De rechtbank is van oordeel dat in dit geval geen grond bestaat voor toepassing van de hardheidsclausule. Zij wijst daartoe op het volgende.
2.6.
De betalingsverplichting en de termijn waarbinnen betaald moet zijn vloeien rechtstreeks voort uit de wet. Anders dan [eiseres] lijkt te betogen, gaat het dus niet om een door de rechtbank gestelde termijn. Hoewel [eiseres] kennelijk geen nota griffierecht en een eerste aanmaning tot betaling van het griffierecht heeft ontvangen, brengt dat niet zonder meer mee dat de termijnoverschrijding verschoonbaar is. [eiseres] wordt vertegenwoordigd door een advocaat en deze moet op grond van zijn deskundigheid en kennis ten aanzien van de procedure zonder meer geacht worden op de hoogte te zijn van de hier aan de orde zijnde termijn en van de verstrekkende gevolgen die de wet verbindt aan overschrijding daarvan, ongeacht of door de rechterlijke organisatie een nota of nadien nog een aanmaning wordt verstuurd.

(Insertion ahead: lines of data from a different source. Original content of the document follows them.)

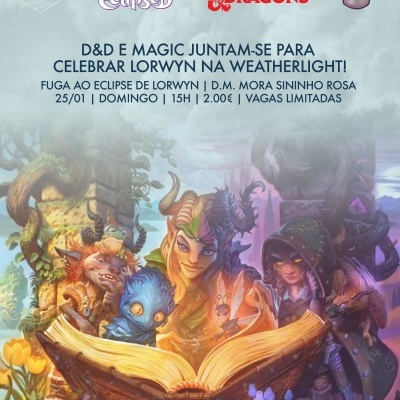 Ilustração de personagens de fantasia à volta de um livro aberto com texto promocional em português sobre evento de Dungeons & Dragons e Magic.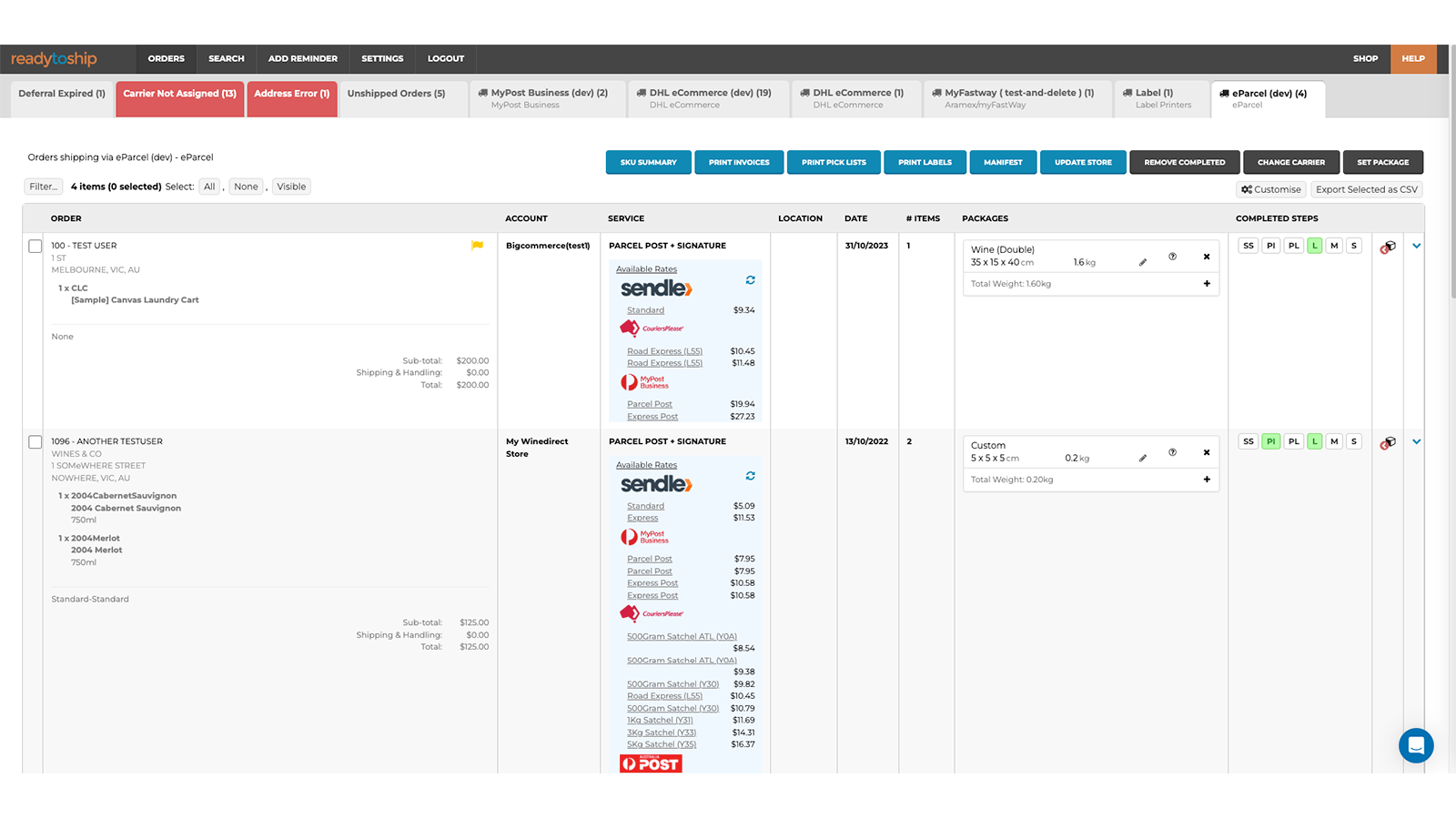 Order Editing and Management Grid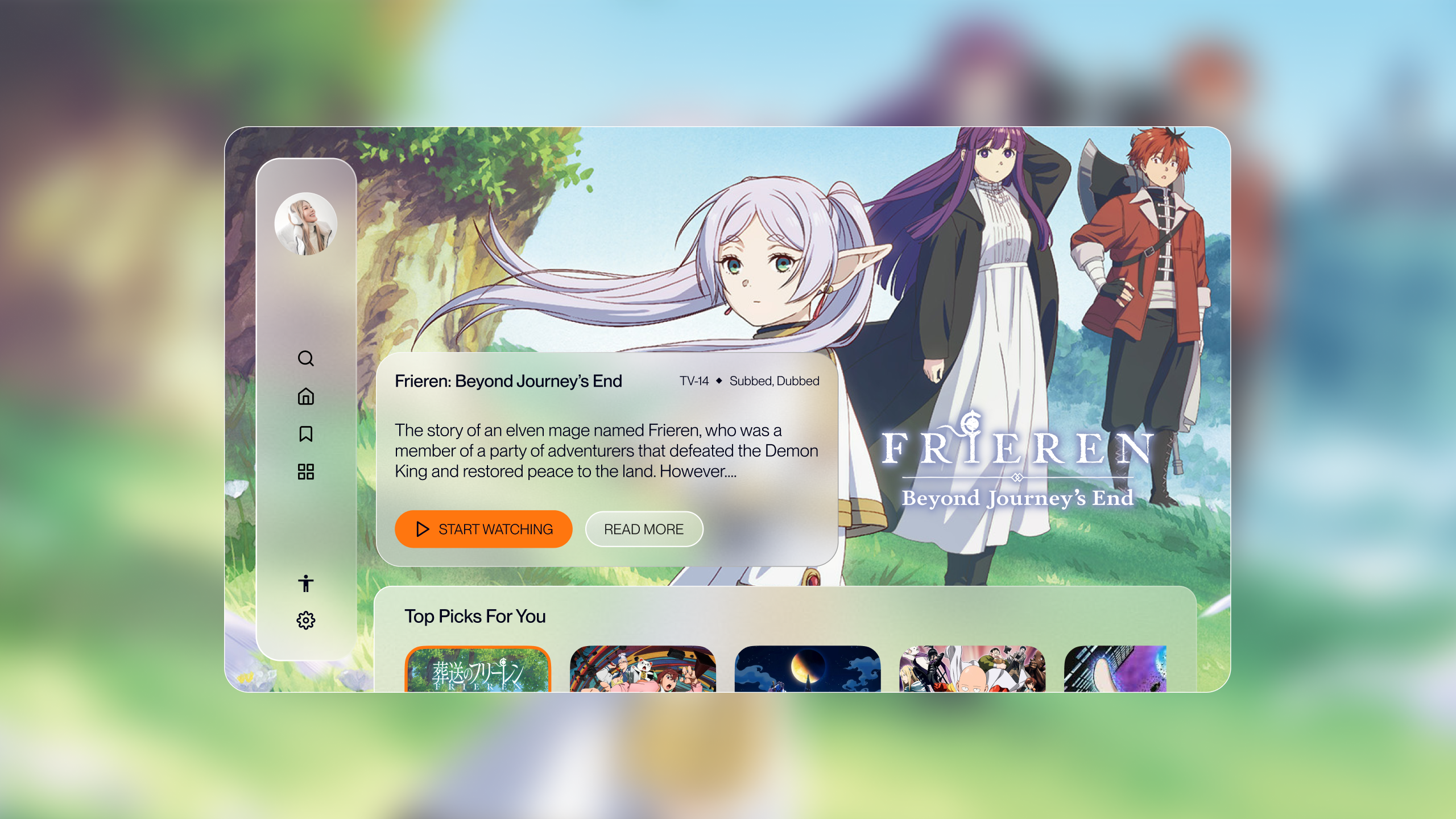 TV Streaming UI | 01 - Crunchyroll anime crunchyroll glassmorphism tv ui tvstreaming ui visualdesign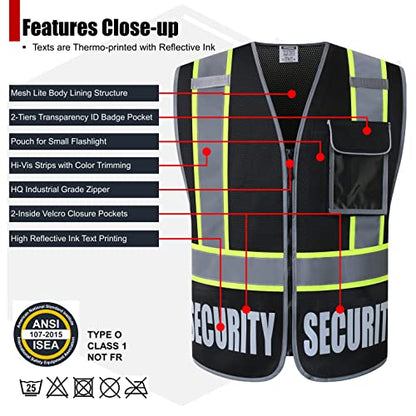 2 Pack Retro-Reflection Security Safety Vests Heavy Duty Black Mesh with 5 Pockets and Front Zipper (2/Black-22,M) - color: Black-2, size: Medium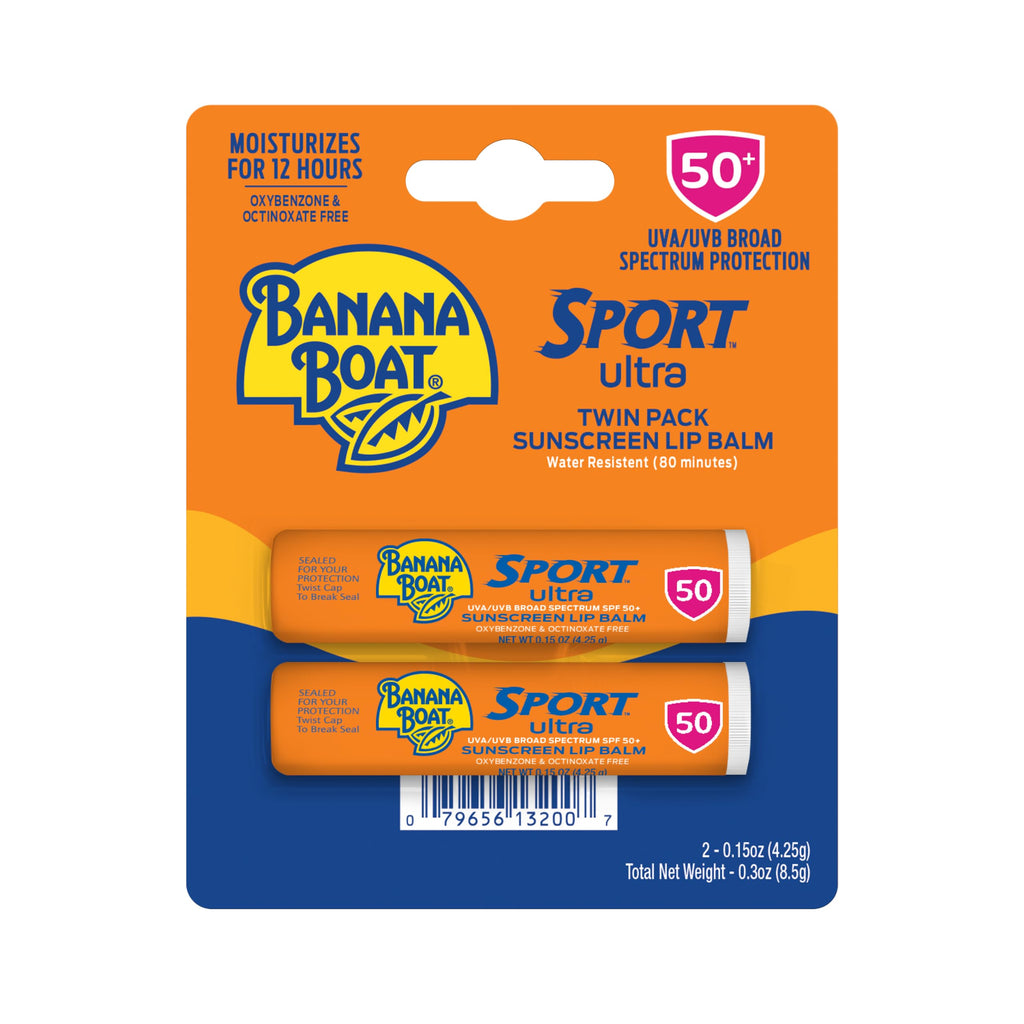 Sport Ultra Twin Pack SPF Lip Balm Pack, Banana Boat Lip Balm SPF 50, Oxybenzone Free Sunscreen, Lip Sunblock, Travel Size Sunscreen for Lips, 2 Pack | 12 hour moisturization with sun protection, vitamin E and aloe, Water resistant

Niet gebleken is dat in de eerste aanmaningsbrief een onjuiste mededeling of een zinsnede vermeld staat waaruit kennelijk opgemaakt zou kunnen worden dat betaling binnen veertien dagen na 12 mei 2016 tijdig zou zijn, althans dat aan de te late betaling geen sanctie van niet-ontvankelijkheid zou worden verbonden. Ongeacht het antwoord op de vraag of aan de niet-tijdige betaling gevolgen worden verbonden, blijft het griffierecht immers verschuldigd.
2.7.
De rechtbank zal [gedaagde] dan ook overeenkomstig het uitgangspunt van de wet van de instantie ontslaan.
2.8.
Gelet op het bepaalde in artikel 127a lid 2 Rv wordt [eiseres] veroordeeld in de proceskosten, te begroten op € 1.929,00 aan griffierecht.

3.De beslissing

De rechtbank
3.1.
ontslaat [gedaagde] van de instantie,
3.2.
veroordeelt [eiseres] in de kosten van het geding, tot op heden aan de zijde van [gedaagde] begroot op € 1.929,00.
Dit vonnis is gewezen door mr. Th. Veling en in het openbaar uitgesproken op 6 juli 2016.